This movie details the adventures of once-famed oceanographer and documentarian Steve Zissou (Bill Murray). His latest film covers the death of his best friend Esteban du Plantier (Seymour Cassel) by an animal Zissou describes as a "Jaguar shark". For his next project he is determined to find the creature and destroy it.

Steve's crew aboard his research vessel Belafonte includes Pelé dos Santos (Seu Jorge), safety expert and Brazilian musician who sings David Bowie songs in Portuguese; Klaus Daimler (Willem Dafoe), a lovable German second-in-command who views Steve and Esteban as father figures and feels threatened by Steve's presumed son, Ned Plimpton (Owen Wilson). Minor crew members include Vikram Ray (Waris Ahluwalia), a Sikh cameraman, described in Zissou's featured film documentary as a man "born on the Ganges"; Bobby Ogata (Niels Koizumi), Team Zissou's frogman who is usually seen eating (in the film he was seen eating a banana as Ned was diving and a sandwich in the sauna); Vladimir Wolodarsky (Noah Taylor), crew experimentator and original score composer; Renzo Pietro (Pamel Wdowczak), screen editor; and Anne-Marie Sakowitz (Robyn Cohen), a usually topless script girl. Sakowitz, along with a pack of unpaid college interns (who attend the University of North Alaska) jump ship after the crew is raided by pirates. The interns who leave only get incompletes for this "course."

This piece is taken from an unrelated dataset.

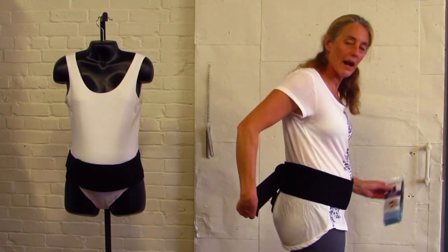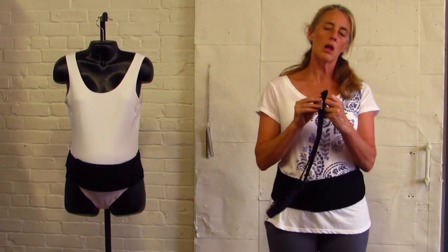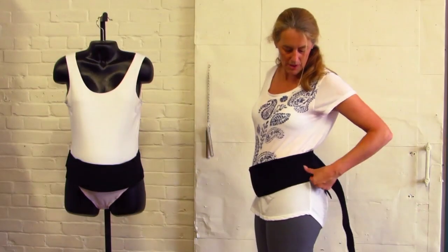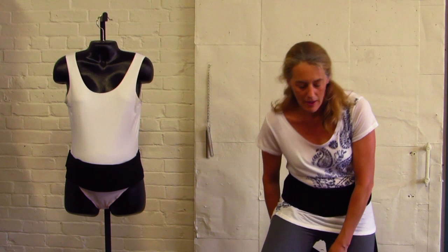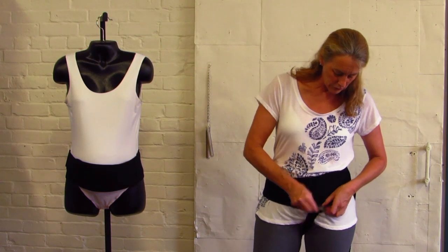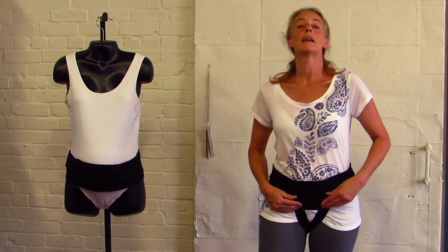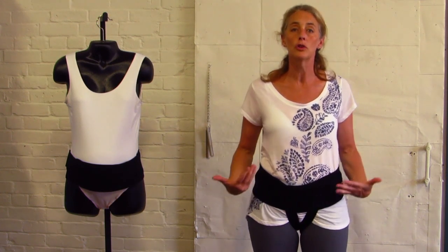Now I'm removing these so that I can put the groin bands on next. Your groin bands are two straps, and what you're going to do is secure them above your hip on one side and above your hip on the other side. They don't have to be removed again once you have them in place. Take them underneath your legs and criss-cross them — the right side comes toward the left, and the left side comes toward the right. You can increase or decrease your compression support depending on what feels good to you.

Ned is a polite, innocent and childlike Southern gentleman whose mother has recently died. After meeting Steve at a film premiere, he takes a break from his job as an airline pilot in Kentucky to join the Zissou crew, and finances the new film with his inheritance when no one else will.

Steve is also followed around by a reporter, Jane Winslett-Richardson (Cate Blanchett). She is a fan of his and is pregnant with her married boss's child. She eventually falls in love with Ned and, as a result, a rivalry develops between Ned and Steve, because Steve is himself infatuated with Jane.

The Belafonte crew sets off on one last mission. They have to deal with their own financial problems as well as a murderous attack from pirates. In their own subsequent sneak attack on the pirates they end up rescuing a "bond company stooge" (Bud Cort) who had been hired by Zissou's producer Oseary Drakoulias (Michael Gambon). They also rescue Zissou's nemesis, Alistair Hennessey (Jeff Goldblum). Hennessey is the opposite of Zissou: successful, suave, rich, and "part-gay".

Zissou also reunites with his wife Eleanor (Anjelica Huston) who was once married to Hennessey. But while searching for the Jaguar Shark, the Zissou helicopter crashes, injuring Steve and killing Ned. Although Eleanor reveals that Zissou is actually sterile and therefore Ned could not have been his son, Steve and Ned had become as close as a real father and son.

Zissou finally tracks down the shark but decides not to kill it, both because of its beauty and his lack of dynamite. Viewing the shark finally validates a daily existence that Zissou himself had feared might have become meaningless. Eleanor is moved by this and falls in love with Steve all over again. The finished "film-within-a-film" is a hit, and Steve wins an award, regaining respect worldwide.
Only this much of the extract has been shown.